Material for this task:
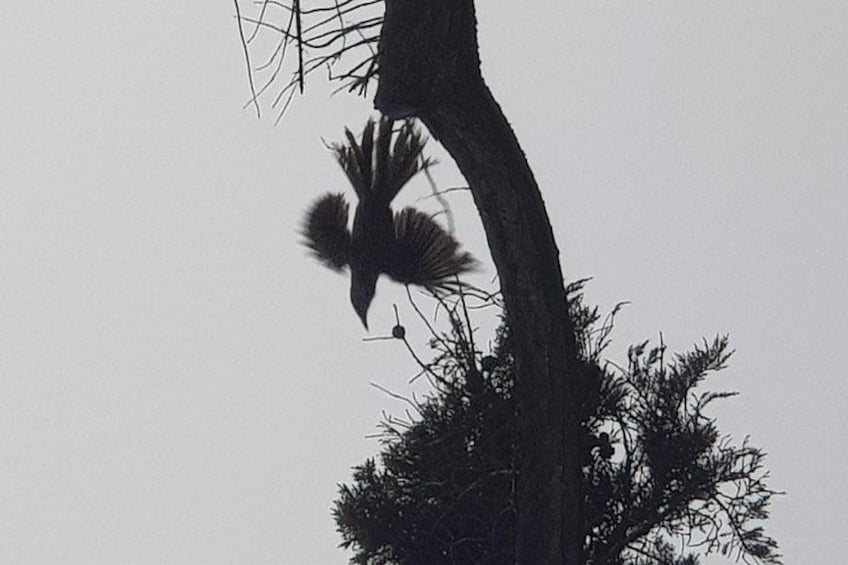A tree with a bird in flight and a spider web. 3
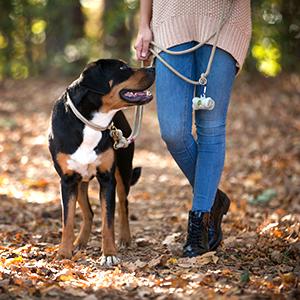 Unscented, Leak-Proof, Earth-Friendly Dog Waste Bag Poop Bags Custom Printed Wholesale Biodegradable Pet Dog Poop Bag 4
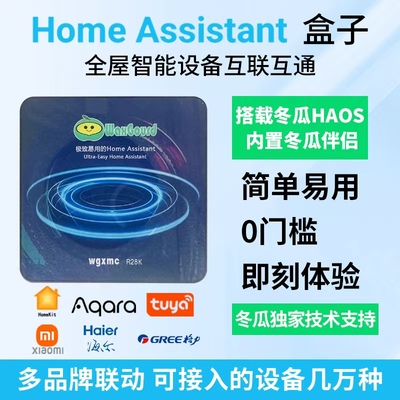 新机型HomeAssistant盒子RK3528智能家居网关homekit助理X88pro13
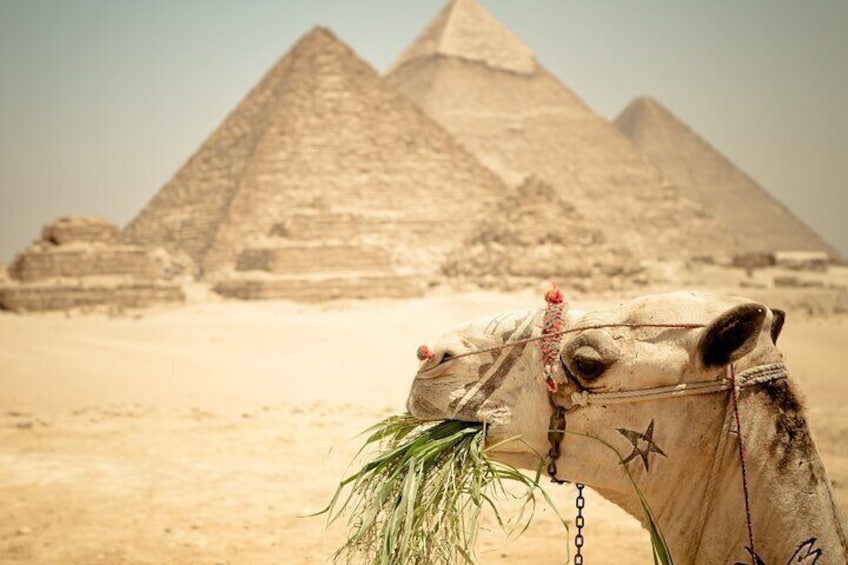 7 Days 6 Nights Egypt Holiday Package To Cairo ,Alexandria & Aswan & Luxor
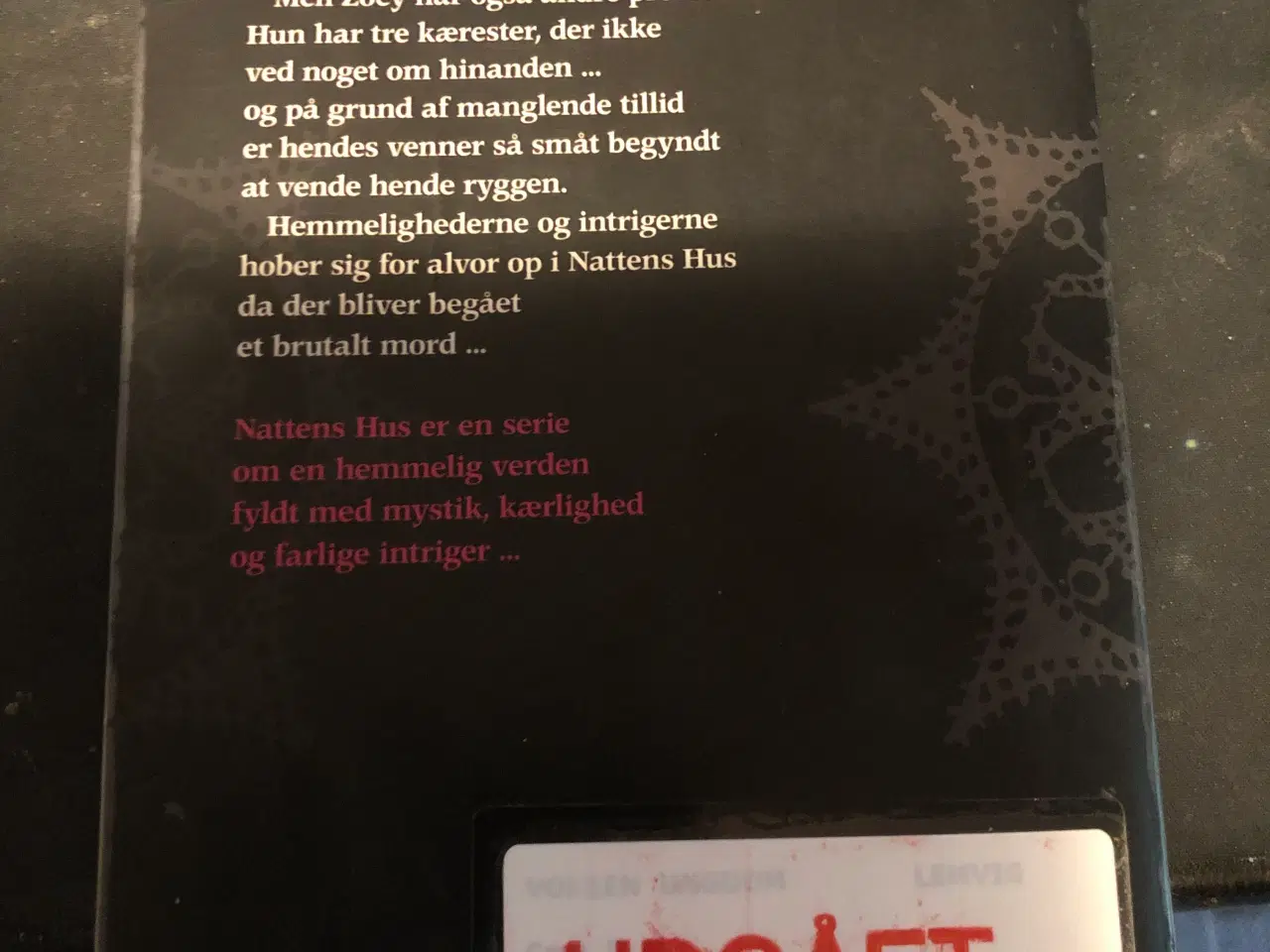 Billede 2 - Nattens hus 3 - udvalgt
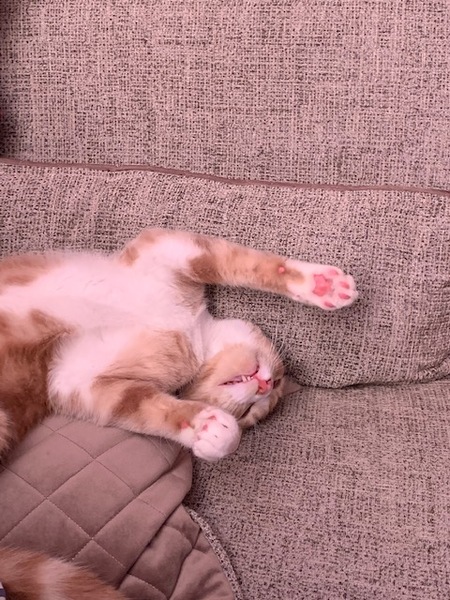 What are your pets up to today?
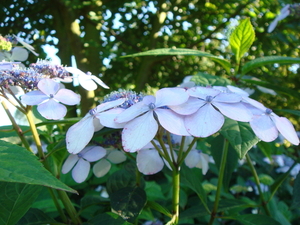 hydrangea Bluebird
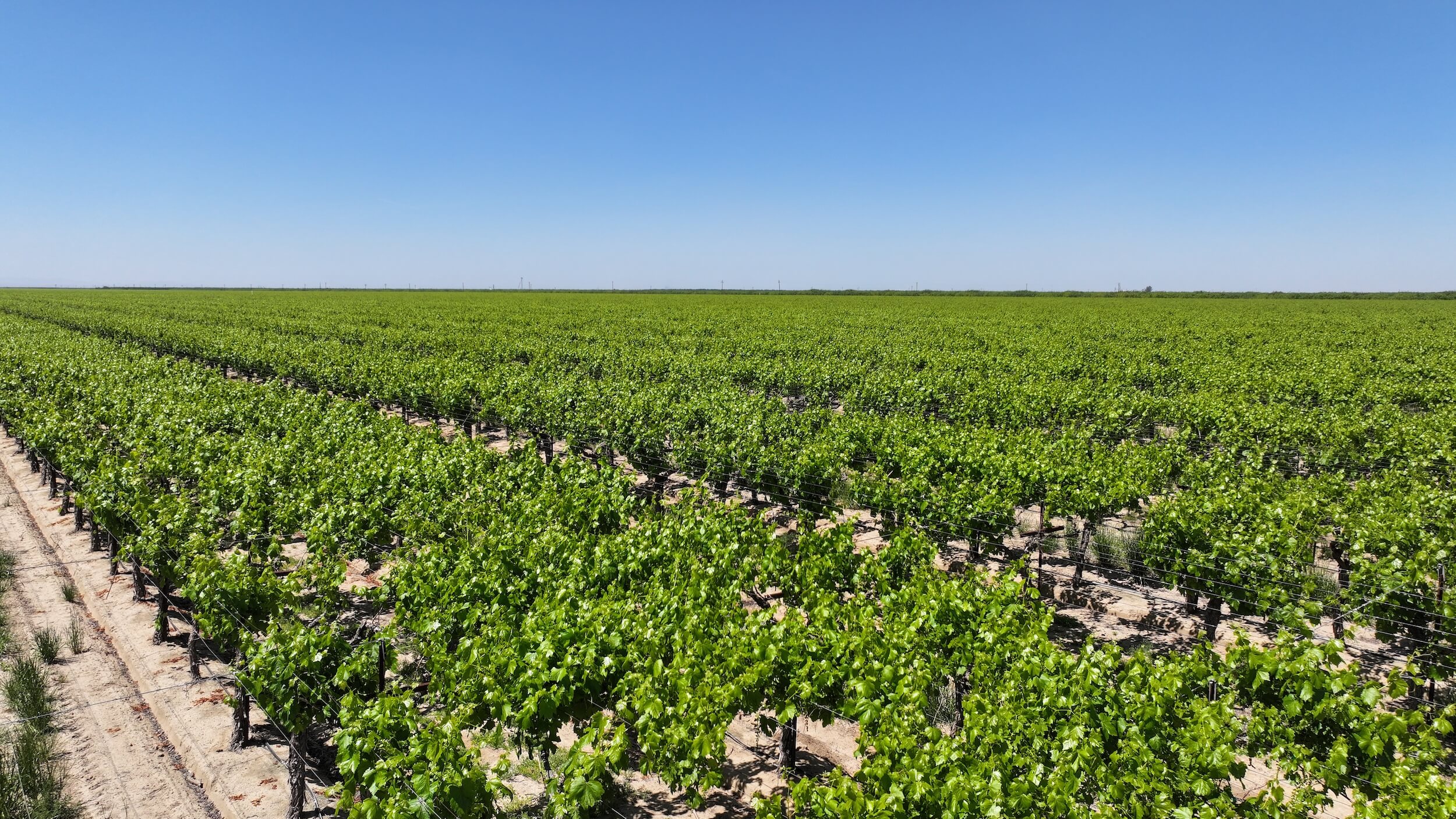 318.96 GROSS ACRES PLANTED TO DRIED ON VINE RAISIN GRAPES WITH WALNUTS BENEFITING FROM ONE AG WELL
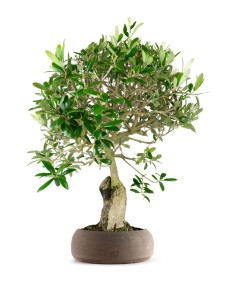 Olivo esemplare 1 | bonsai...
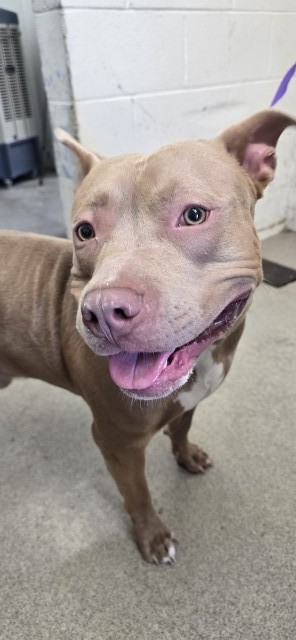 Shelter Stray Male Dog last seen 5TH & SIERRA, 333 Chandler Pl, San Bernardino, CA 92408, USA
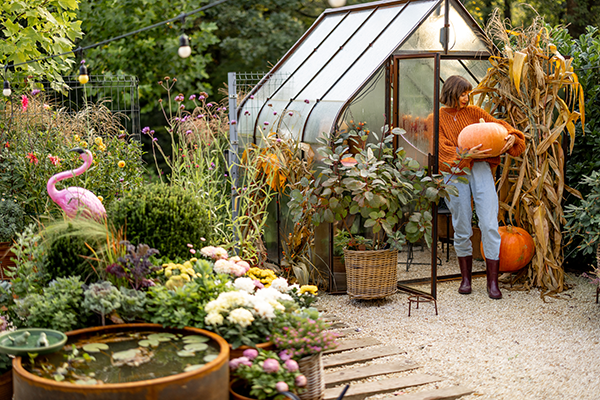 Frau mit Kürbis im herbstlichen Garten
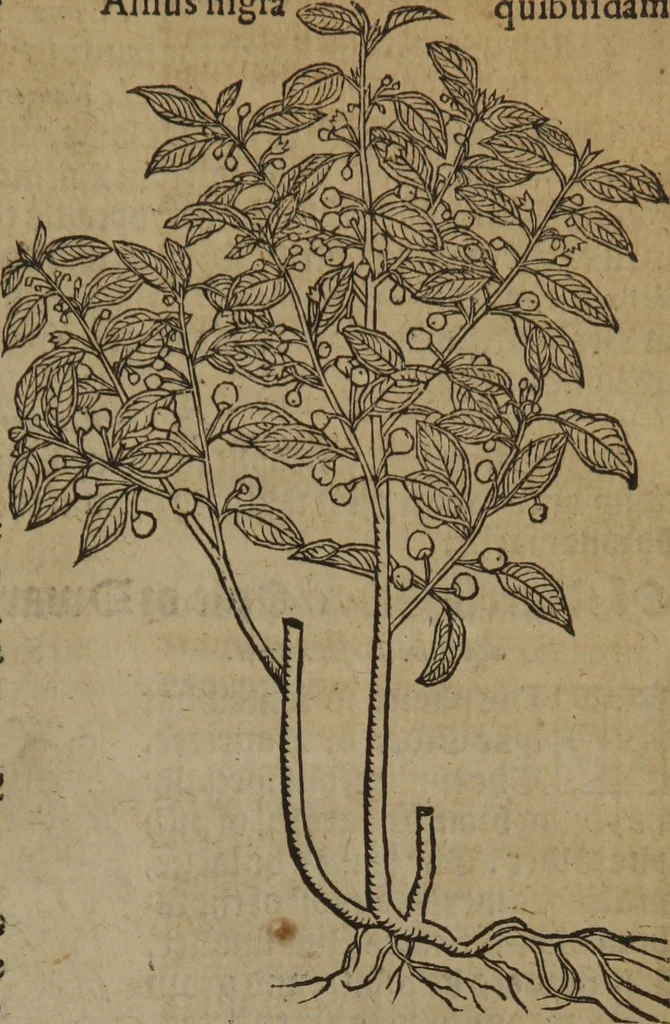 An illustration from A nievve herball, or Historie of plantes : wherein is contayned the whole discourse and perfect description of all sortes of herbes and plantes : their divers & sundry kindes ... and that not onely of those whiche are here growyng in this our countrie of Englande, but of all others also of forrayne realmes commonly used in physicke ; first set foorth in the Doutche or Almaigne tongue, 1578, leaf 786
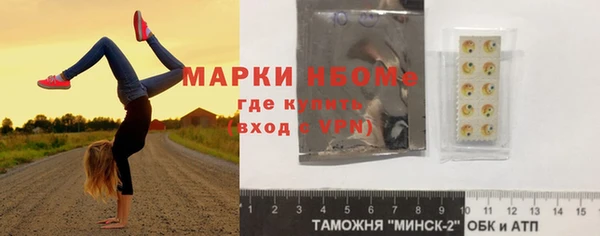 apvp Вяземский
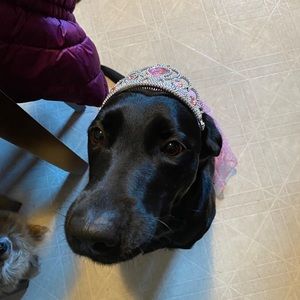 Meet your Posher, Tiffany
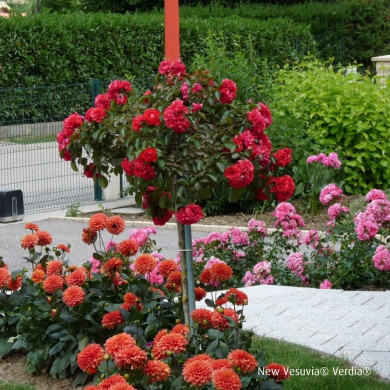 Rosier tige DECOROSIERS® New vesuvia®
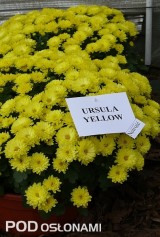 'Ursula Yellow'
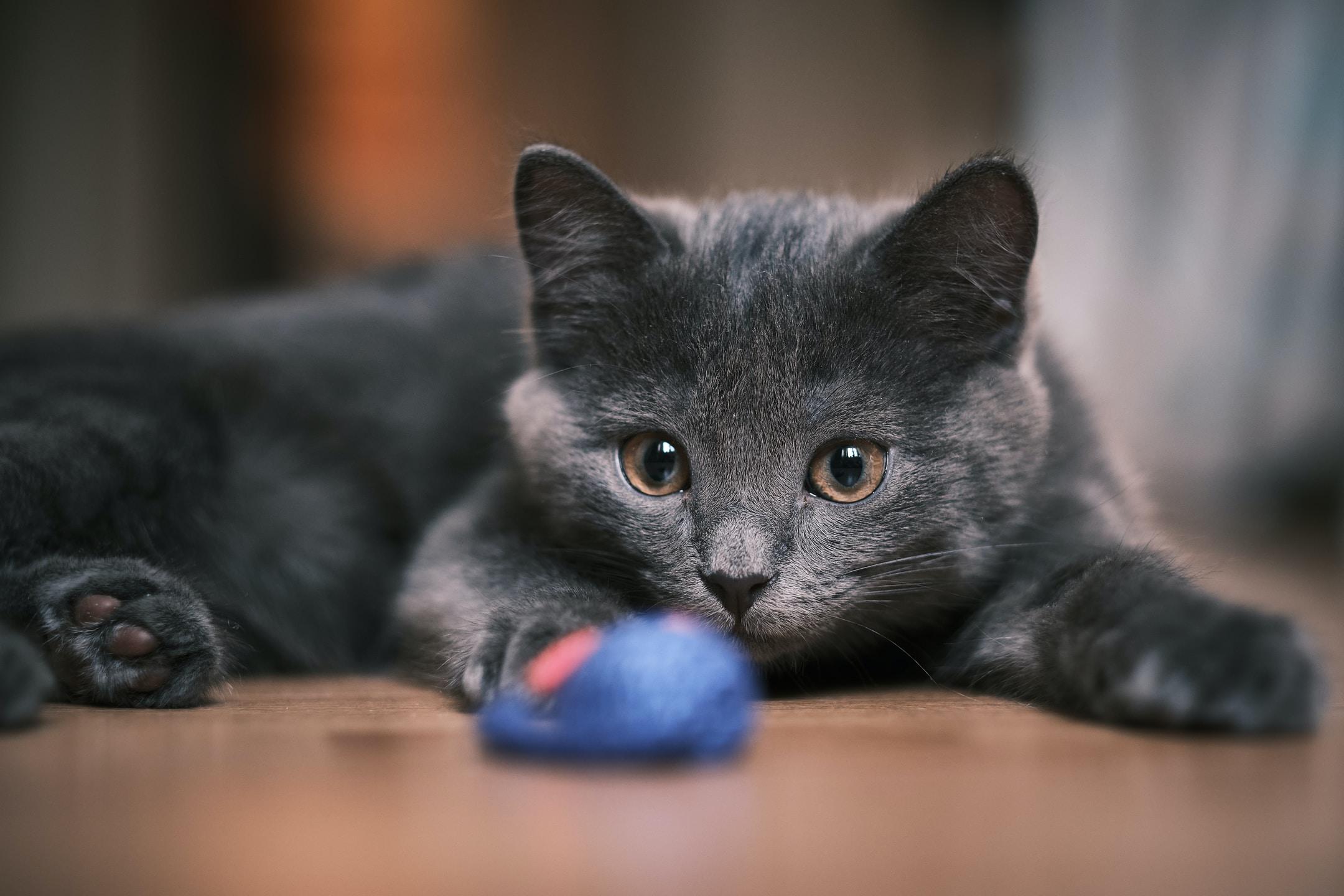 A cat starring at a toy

To do: Print exactly the lines between the line containing "Unscented, Leak-Proof, Earth-Friendly" and the last line of the entries above, including both, and nothing besides; skip the pictures.

Reply:
 Unscented, Leak-Proof, Earth-Friendly Dog Waste Bag Poop Bags Custom Printed Wholesale Biodegradable Pet Dog Poop Bag 4
 新机型HomeAssistant盒子RK3528智能家居网关homekit助理X88pro13
 7 Days 6 Nights Egypt Holiday Package To Cairo ,Alexandria & Aswan & Luxor
 Billede 2 - Nattens hus 3 - udvalgt
 What are your pets up to today?
 hydrangea Bluebird
 318.96 GROSS ACRES PLANTED TO DRIED ON VINE RAISIN GRAPES WITH WALNUTS BENEFITING FROM ONE AG WELL
 Olivo esemplare 1 | bonsai...
 Shelter Stray Male Dog last seen 5TH & SIERRA, 333 Chandler Pl, San Bernardino, CA 92408, USA
 Frau mit Kürbis im herbstlichen Garten
 An illustration from A nievve herball, or Historie of plantes : wherein is contayned the whole discourse and perfect description of all sortes of herbes and plantes : their divers & sundry kindes ... and that not onely of those whiche are here growyng in this our countrie of Englande, but of all others also of forrayne realmes commonly used in physicke ; first set foorth in the Doutche or Almaigne tongue, 1578, leaf 786
 apvp Вяземский
 Meet your Posher, Tiffany
 Rosier tige DECOROSIERS® New vesuvia®
 'Ursula Yellow'
 A cat starring at a toy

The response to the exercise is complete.